Fáilte chuig gaa.ie - suíomh oifigiúil CLG

Football

football

Westmeath's Jamie Gonoud is a true believer

Jamie Gonoud

Jamie Gonoud

By John Harrington

Jamie Gonoud is a quick and clever footballer on the field, and off it the Westmeath man displays the same traits.

He isn’t short of opinions, nor is he shy of expressing them. Nowadays county players often seem at pains to reveal as little of themselves as possible, but Gonoud is pure, unfiltered honesty.

Ask him a question and he’ll answer with some thought. Offer an opinion, and he won’t be afraid to argue the point with you if he disagrees.

And when the topic of conversation is football, it quickly becomes clear he’s a deep thinker on the game. He’s not the sort who just turns up on match-day, ties his boots, and plays on instinct. There’s a lot of method to his preparation, and every opponent has been carefully gauged before the contest.

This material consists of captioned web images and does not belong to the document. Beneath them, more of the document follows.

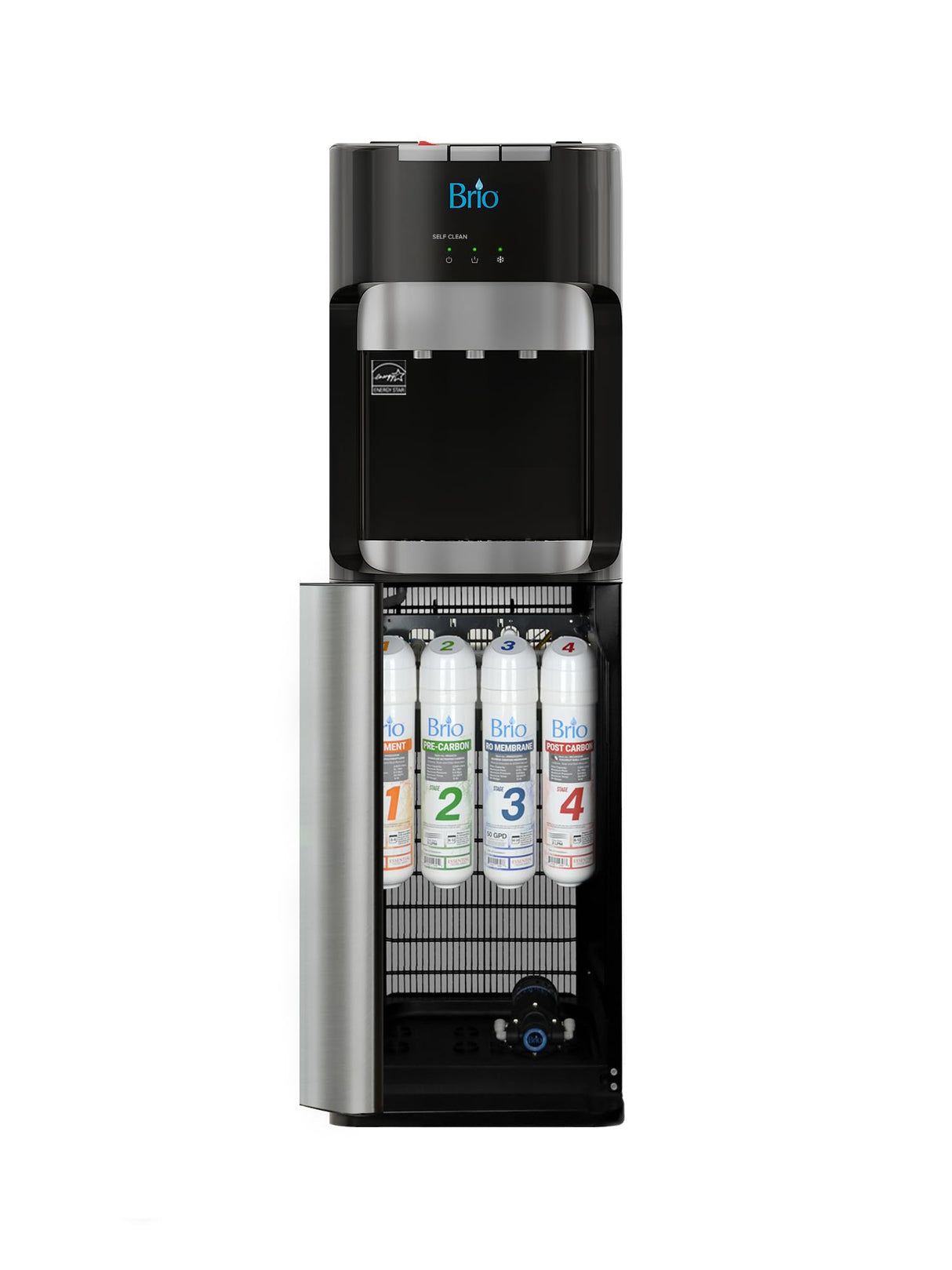 Brio Commercial Grade Bottleless Ultra Safe Reverse Osmosis Drinking Water Filter Water Cooler Dispenser-3 Temperature Settings Hot, Cold & Room Water - UL Approved – Point of Use Brio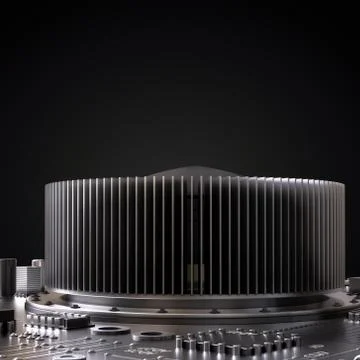 Processor (microchip) interconnected receiving and sending information. Conce 스톡 일러스트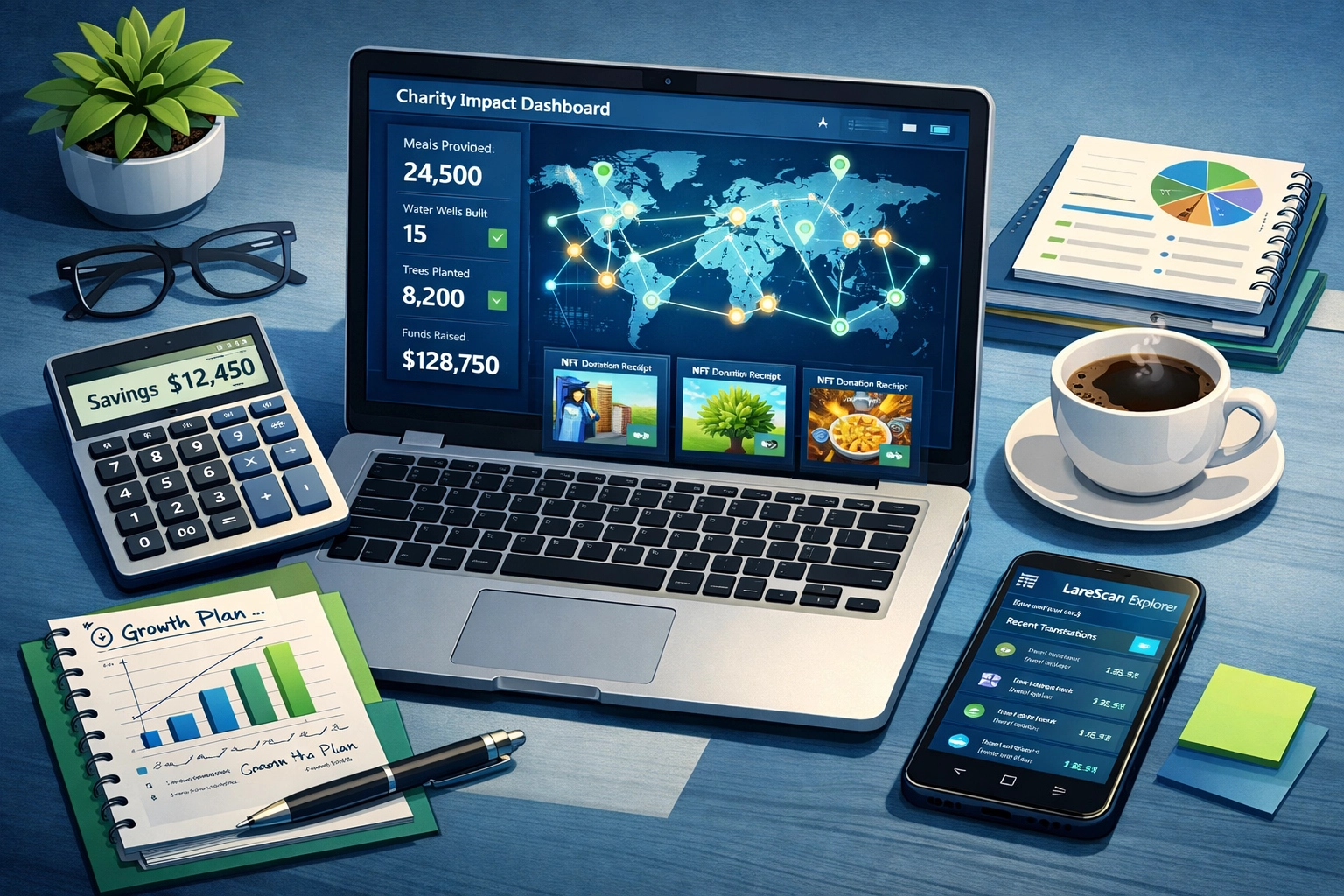 Merchant dashboard showing real-time charity impact metrics and blockchain transaction tracking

“I’m definitely a bit more in-depth,” says Gonoud. “I like to do my own little bit of research and I’ll look at games that maybe teams were are playing have played before, look at the players closely and look at the simple stuff. What feet they kick with, what way they hand-pass the ball. It’s just important to have an idea on the day what can be thrown at you. It might just help that small little bit, but if it helps at all, all the better.”

Gonoud plays corner-back for Westmeath, but is much more than a pure stopper. A natural footballer who’s very comfortable on the ball, he likes to get on the front-foot and offer his team an attacking outlet whenever possible.

“Yeah, well, that’s in my game to go forward,” he says. “I would have played a lot of my football at wing-back as well. If there’s every a turnover or a block I’m on my bike to go.

“I was at Donegal and Monaghan and I saw the likes of Ryan Wylie and Karl Lacey and Paddy McGrath; they were showing excellently how to do it. They weren’t holding back. This stuff of a defender being a defender is gone now, you’re a footballer so they were showing exactly how to get forward. I think it was Ryan Wylie who actually won the penalty for Monaghan and it just shows how corner backs have a licence to go forward if they are brave enough.”

GAA Great Plays: Colin Walshe (Monaghan)

GAA Great Plays: Colin Walshe (Monaghan)

The idea of an inter-county player travelling to watch other county teams play at the weekend shouldn’t seem unusual, but it does. The game at the highest level is so demanding now you’d imagine they either wouldn’t have the time or the inclination to immerse themselves in it again on one of their few days off from it.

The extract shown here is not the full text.